Internal gettering is a process where the impurities form alternate species such as precipitates, which are less recombination active. For instance, precipitated oxygen is known to be detrimental to solar cell performance. However, these precipitates can act as the gettering sites where metallic impurities will diffuse to, due to the higher diffusivity within that region . Nickel (Ni) and copper (Cu) are known to be effectively gettered by oxygen precipitates. Cobalt (Co) is less effectively gettered and furthermore, along with Pb, Co hinders the gettering effect by the oxygen precipitates. Phosphorus gettering is more effective to getter iron than gettering by oxygen precipitates . Low-temperature annealing (LTA) can also be a way to precipitate metallic impurities. For example, Fe has lower recombination activity when it is in the precipitated form instead of in the interstitial form .
External gettering removes the impurities from the bulk region of the silicon wafer. Three prominent examples are: phosphorus diffusion gettering, aluminium gettering and boron diffusion gettering. Phosphorus diffusion gettering occurs during phosphorus diffusion within the phosphorous diffused region. During the diffusion, metallic impurities, such as Cr, Cu, Fe and titanium (Ti), which have high diffusivity, getter and accumulate in the diffused region . There are limitations with this process. Due to the inhomogeneity of mc-Si, gettering is enhanced in some regions relative to others [5-7]. Furthermore, for large dislocation densities (> 106 cm-3), the improvement from phosphorous getting is limited due to the high diffusivity within the dislocations [8-10]. This is because metallic impurities are collected to the dislocations rather than the diffused region, and so they remain detrimental to solar cell performance. In some instances, a heavy phosphorous diffusion will be performed on the wafer, followed by an alkaline etch to remove the gettered and diffused layer. This effectively yields a raw wafer with less metallic impurities and higher lifetime potential.

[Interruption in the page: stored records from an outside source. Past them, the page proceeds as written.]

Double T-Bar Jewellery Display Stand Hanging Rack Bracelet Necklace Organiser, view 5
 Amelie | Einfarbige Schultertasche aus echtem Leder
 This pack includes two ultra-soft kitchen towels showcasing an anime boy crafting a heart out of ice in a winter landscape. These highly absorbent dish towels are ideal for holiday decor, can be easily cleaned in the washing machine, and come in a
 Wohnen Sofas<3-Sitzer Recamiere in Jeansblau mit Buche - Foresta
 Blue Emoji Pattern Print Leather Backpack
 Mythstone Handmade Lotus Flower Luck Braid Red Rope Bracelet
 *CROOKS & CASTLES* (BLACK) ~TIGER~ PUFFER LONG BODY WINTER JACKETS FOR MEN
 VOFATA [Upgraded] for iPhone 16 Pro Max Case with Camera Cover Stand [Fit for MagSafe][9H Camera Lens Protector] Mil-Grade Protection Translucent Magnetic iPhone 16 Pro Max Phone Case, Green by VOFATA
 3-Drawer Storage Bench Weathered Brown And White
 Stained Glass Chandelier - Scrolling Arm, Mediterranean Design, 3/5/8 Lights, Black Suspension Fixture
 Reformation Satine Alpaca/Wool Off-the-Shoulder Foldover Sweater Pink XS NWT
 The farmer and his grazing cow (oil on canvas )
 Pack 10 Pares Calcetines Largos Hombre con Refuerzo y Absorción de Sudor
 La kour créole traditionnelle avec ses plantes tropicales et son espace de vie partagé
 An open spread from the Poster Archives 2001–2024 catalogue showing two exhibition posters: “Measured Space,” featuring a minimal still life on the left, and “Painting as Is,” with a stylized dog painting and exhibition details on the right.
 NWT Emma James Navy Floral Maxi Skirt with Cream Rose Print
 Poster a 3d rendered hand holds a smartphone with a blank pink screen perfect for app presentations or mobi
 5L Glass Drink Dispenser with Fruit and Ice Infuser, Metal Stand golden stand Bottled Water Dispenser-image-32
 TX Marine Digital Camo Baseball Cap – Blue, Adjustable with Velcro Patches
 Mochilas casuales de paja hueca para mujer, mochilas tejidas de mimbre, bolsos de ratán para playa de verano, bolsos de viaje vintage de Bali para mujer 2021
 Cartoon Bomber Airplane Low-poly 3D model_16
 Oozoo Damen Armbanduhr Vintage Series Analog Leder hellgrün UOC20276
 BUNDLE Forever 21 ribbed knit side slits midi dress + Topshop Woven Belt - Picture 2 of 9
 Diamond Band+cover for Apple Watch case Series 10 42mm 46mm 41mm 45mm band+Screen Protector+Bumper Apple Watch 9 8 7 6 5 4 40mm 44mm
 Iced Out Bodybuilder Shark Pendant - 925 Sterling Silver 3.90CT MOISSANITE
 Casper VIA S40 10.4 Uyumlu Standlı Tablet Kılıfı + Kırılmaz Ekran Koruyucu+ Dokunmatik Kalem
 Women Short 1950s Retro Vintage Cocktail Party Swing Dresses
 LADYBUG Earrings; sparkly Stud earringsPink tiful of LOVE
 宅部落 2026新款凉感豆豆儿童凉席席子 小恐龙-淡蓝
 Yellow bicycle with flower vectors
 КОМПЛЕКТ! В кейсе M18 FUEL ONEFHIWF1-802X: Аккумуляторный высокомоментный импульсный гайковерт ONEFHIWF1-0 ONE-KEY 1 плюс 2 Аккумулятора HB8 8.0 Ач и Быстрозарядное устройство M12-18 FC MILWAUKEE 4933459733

The gettering efficacy strongly depends on the diffusivity of the impurities towards the heavily diffused region. Higher process temperatures can improve the diffusivity of the impurities towards the surface, but higher temperature can also dissolve metallic impurities, where they become more recombination active compared to the precipitated form. Furthermore, carbon or oxygen can hinder the gettering process. Al-Si alloy, which is used to form a rear p+ region (commonly called a back surface field or “BSF”), also causes aluminium gettering that can act as a sink to collect impurities.
The animation below shows the gettering process taking place during phosporous diffusion.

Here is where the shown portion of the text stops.